- Westport Township, Minnesota Location within the state of Minnesota Westport Township, Minnesota Westport Township, Minnesota (the United States)
- Coordinates: 45°43′28″N 95°12′6″W﻿ / ﻿45.72444°N 95.20167°W
- Country: United States
- State: Minnesota
- County: Pope

Area
- • Total: 35.4 sq mi (91.8 km^{2})
- • Land: 34.6 sq mi (89.5 km^{2})
- • Water: 0.89 sq mi (2.3 km^{2})
- Elevation: 1,342 ft (409 m)

Population (2000)
- • Total: 279
- • Density: 8.0/sq mi (3.1/km^{2})
- Time zone: UTC-6 (Central (CST))
- • Summer (DST): UTC-5 (CDT)
- FIPS code: 27-69646
- GNIS feature ID: 0665970

= Westport Township, Pope County, Minnesota =

Westport Township is a township in Pope County, Minnesota, United States. The population was 237 at the 2020 census. It contains the village of Westport, Minnesota.

== History ==
The township was surveyed in 1858. The first public building was a tavern on Westport Lake operated by the Drake Family.

The Little Falls and Dakota Railroad (later part of the Northern Pacific Railway) established a depot in 1882.

==Geography==
According to the United States Census Bureau, the township has a total area of 35.4 square miles (91.8 km^{2}), of which 34.5 square miles (89.5 km^{2}) is land and 0.9 square mile (2.3 km^{2}) (2.48%) is water.

==Demographics==
As of the census of 2000, there were 279 people, 83 households, and 68 families residing in the township. The population density was 8.1 people per square mile (3.1/km^{2}). There were 90 housing units at an average density of 2.6/sq mi (1.0/km^{2}). The racial makeup of the township was 99.28% White, and 0.72% from two or more races. Hispanic or Latino of any race were 1.08% of the population.

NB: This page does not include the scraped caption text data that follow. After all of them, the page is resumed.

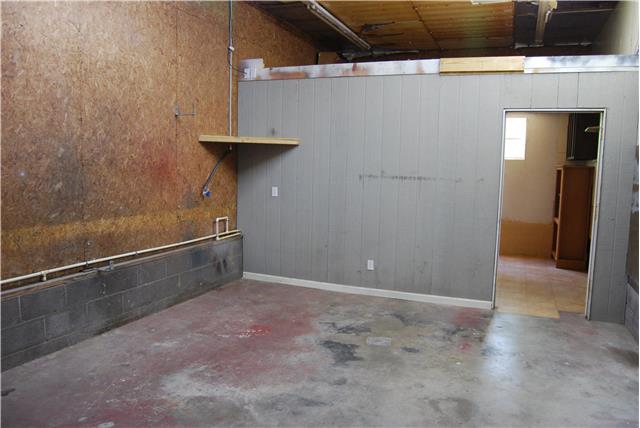 2899 Dodd Hollow Road Centerville, TN 37033 - Photo 19 of 20 Mechanics garage has dedicated waiting area with kitchen and half bath
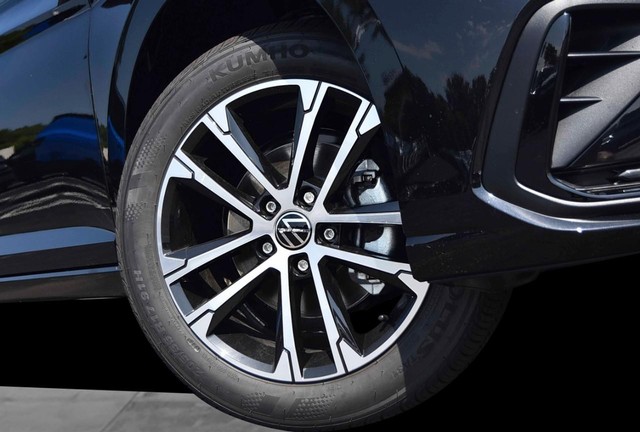 Volkswagen Jetta Vehicle Image 03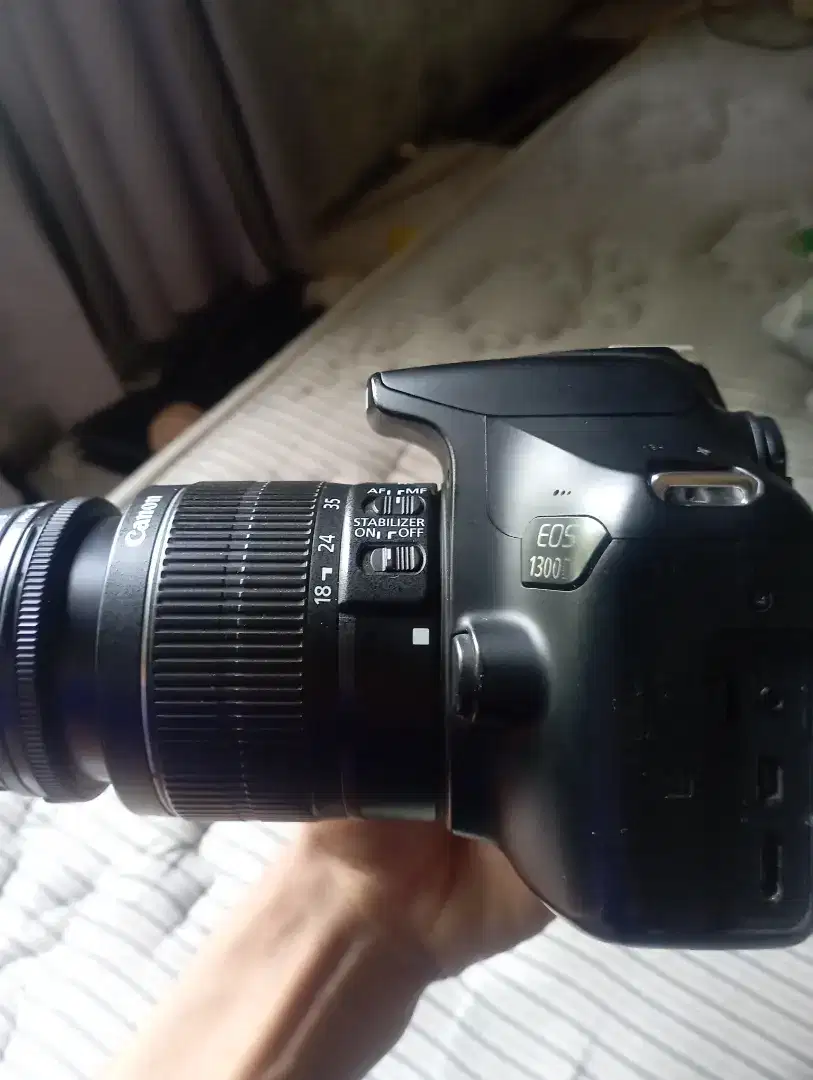 Canon DSLR 1300d lensa kit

There were 83 households, out of which 47.0% had children under the age of 18 living with them, 78.3% were married couples living together, 2.4% had a female householder with no husband present, and 16.9% were non-families. 13.3% of all households were made up of individuals, and 6.0% had someone living alone who was 65 years of age or older. The average household size was 3.36 and the average family size was 3.72.

In the township the population was spread out, with 35.8% under the age of 18, 9.3% from 18 to 24, 26.2% from 25 to 44, 21.1% from 45 to 64, and 7.5% who were 65 years of age or older. The median age was 31 years. For every 100 females, there were 111.4 males. For every 100 females age 18 and over, there were 113.1 males.

The median income for a household in the township was $42,188, and the median income for a family was $44,250. Males had a median income of $31,667 versus $17,750 for females. The per capita income for the township was $14,185. About 13.6% of families and 13.2% of the population were below the poverty line, including 12.6% of those under the age of eighteen and 23.1% of those 65 or over.